War debate: A high-risk game


Democrats face a host of risks as they move toward more substantive steps to tie President Bush’s hands with funding restrictions on the Iraq war.

Leaders are wary of allowing the more intense anti-war activists define the party’s image.

Simmering divisions within the ranks over how soon to move — and how far to go — could quickly diminish a tactical victory this week on a resolution criticizing Bush’s conduct of the war.

“There are those in our caucus who would rather we not do anything, and there will be people who want to see us extricate ourselves overnight. We’ll have to balance those interests,” said Rep. James Clyburn of South Carolina, House Democrats’ chief vote-counter. “We’re not going to sit anybody out, but we will have to decide how to weigh those things.”

Senior House Democrats will huddle next week during a congressional break to plot strategy on their next move, which will be seeking to restrict some of Bush’s Iraq war spending by establishing high readiness and equipment targets for troops and requiring those targets be met first.

Rep. John Murtha of Pennsylvania, tasked by Democrats to direct the next step, says his approach “stops the surge, for all intents and purposes,” and would “force a redeployment — not by taking money away, by redirecting money.”

Former Rep. Martin Frost, D-Texas, said Democrats have made a “very clear point” this week by putting the House on record against Bush’s troop buildup and now must be careful not to overplay their hand by seeking to cut off funding or limit deployments right away.

“They don’t want to be a scapegoat for the Bush administration’s failures,” Frost said. “This is Bush’s war, and there should be no confusion about who’s war it is, and Democrats should not set themselves up to have that done to them.”

Frost said he did not want to “prejudge” Murtha’s effort to restrict funds, but cautioned that Democrats should not yield to intense pressure by outside anti-war groups for swift action to end the conflict.
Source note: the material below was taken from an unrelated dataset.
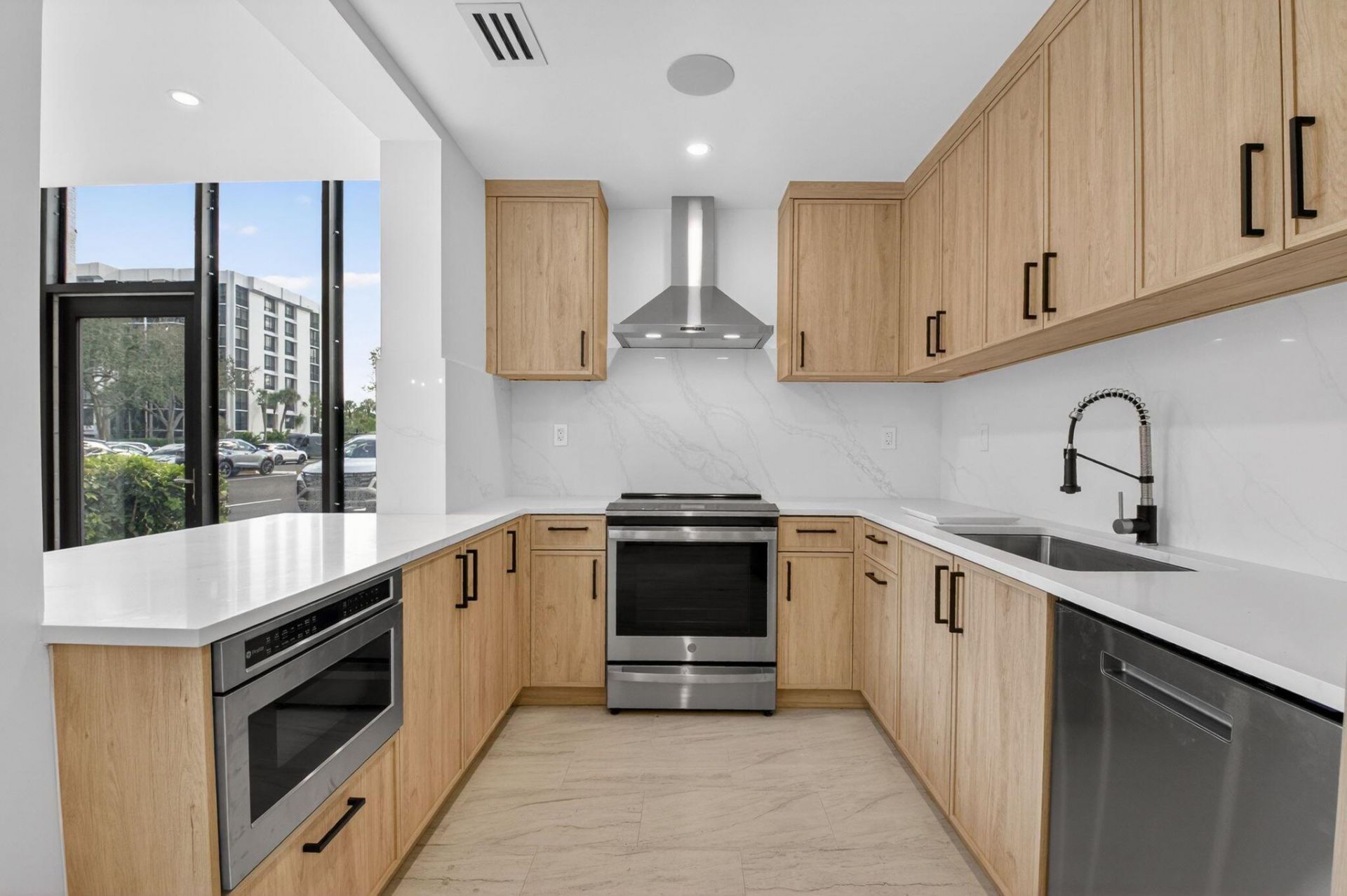 7819 Lakeside Boulevard, Unit 812, Boca Raton, FL 33434 Photo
Democratic leaders “will have to decide how to deal with the anti-war groups in the months ahead,” Frost said.

Murtha’s effort appears crafted to hamper Bush’s strategy without opening Democrats to the charge that their party is abandoning troops in harm’s way.

That could be a difficult argument to make, however, some analysts say, given that Bush and Republicans are determined to paint Democrats as eager to choke off funding.

“The first step was the easy one. The real puzzle is the next step,” said William Galston, a former Clinton administration aide. “A straight up-or-down funding discussion is a loser for Democrats, and if they’re smart, they will not allow the issue to be posed in that way.”

Privately, some Republicans concede that Democrats have a chance to tie Bush’s hands without paying a political price if they carefully handle an upcoming debate on the president’s request for nearly $100 billion in additional money for the wars in Iraq and Afghanistan. Republicans would be hard-pressed to reject measures that shift funds or place conditions on spending, such as those envisioned by Murtha, they said.

“As long as (Democrats) can tamp down on the Kuciniches of the world and they are modest in what they try to do, they can hit it out of the park,” said one former senior House GOP aide, referring to Rep. Dennis Kucinich, D-Ohio, a critic of the invasion of Iraq.

Still, the small but vocal band of lawmakers led by Kucinich who are pushing for an immediate cutoff of war funding and withdrawal of troops could pose a problem. Democrats could suffer politically if the party is perceived by the public as being too quick to pull the plug on the mission.

A survey conducted Feb. 7-11 by the Pew Research Center for the People and the Press shows that while a majority of Democrats support cutting off money for the troop increase, most independent voters and a majority of the general public do not.

The poll showed support for the war continuing to slip, and a growing sentiment for bringing troops home, but found that most believe the withdrawal should be gradual.

Democrats face risks at the other extreme, too. Many of their more moderate members are wary of doing anything that would affect troop funding. Republican officials say they are already planning to target vulnerable House Democrats who go back on campaign pledges not to cut war spending.

“It will either create major problems for them when they run again, or it will create major problems for their leadership when they’re trying to hold their caucus together on” Murtha’s proposal, said Jessica Boulanger, a spokeswoman for House Republicans’ campaign committee.

Most Democrats say there are more opportunities than risks for their party in the Iraq debate, arguing that the public supports their push to change the course of the war and impose more accountability on Bush’s handling of it.

“There are many more risks for Republicans,” said Sen. Charles Schumer, D-N.Y., the head of his party’s campaign committee. “On the whole, the Democratic party is doing what America wants.”

Privately, however, some Democrats concede they will have to steer a careful course to avoid being demonized and divided on Iraq.

“There’s tension between those who want to end the war immediately and cut off funding and those who aren’t there,” one senior House official said. As for Murtha’s proposal to use benchmarks to control war spending, lawmakers are “getting there,” the official said. “I’m not sure they’re there yet.”